John Felton (fl. 1430) was an English academic and churchman.

Felton was fellow of St. Mary Magdalen College, Oxford, and professor of theology, and 'vicarius Magdalensis Oxonii extra muros.’ His zeal as a preacher gained him the name of ‘homiliarius’ or ‘concionator;’ for though, as Leland tells us, he was ‘an eager student of philosophy and theology,’ yet ‘the mark towards which he earnestly pressed with eye and mind was none other than that by his continual exhortations he might lead the dwellers on the Isis from the filth of their vices to the purity of virtue.’ He published several volumes of sermons, compiled from various sources, which are prefaced by the statement that the ‘penuria studentium’ had moved him to make this compilation ‘de micis quas collegi quæ cadebant de mensis dominorum meorum, Januensis, Parisiensis, Lugdunensis, Odonis, et cæterorum.’
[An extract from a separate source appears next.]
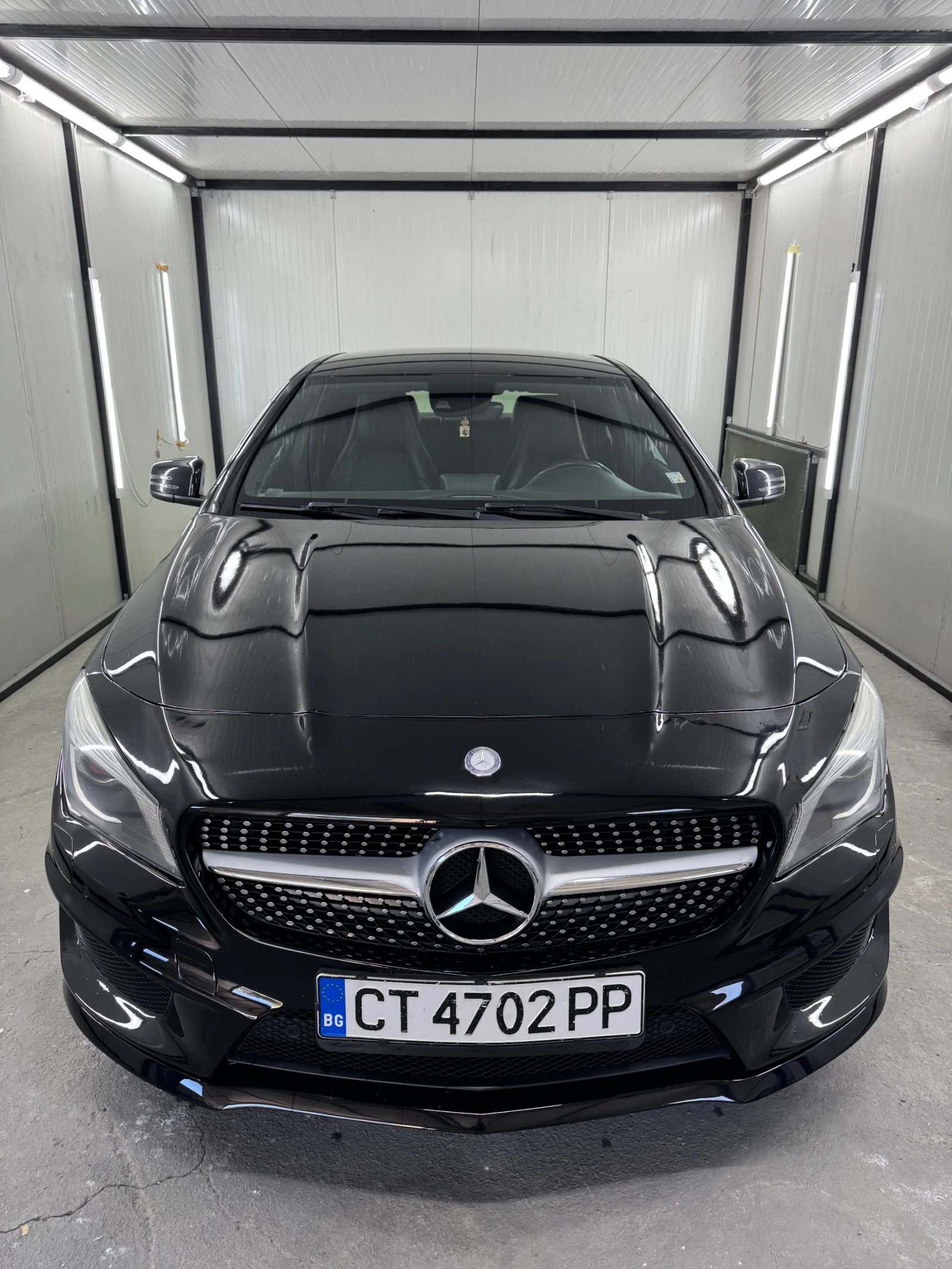 Mercedes-Benz CLA 200 AMG-PACK, снимка 10 - Автомобили и джипове - 56508817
He left behind him: 1. ‘Alphabetum theologicum ex opusculis Rob. Grost. collectum.’ 2. ‘Sermones Dominicales’ (fifty-eight in number; there are three copies among the Harleian MSS in the British Library, one of which contains a note stating that the sermons were finished in 1431). 3. Two other volumes of ‘Sermones.’ 4. ‘Lecturæ sacræ Scripturæ.’ 5. ‘Pera Peregrini.’ A note on the margin of one of his works declares that in 1420 he made a present of books to Balliol College.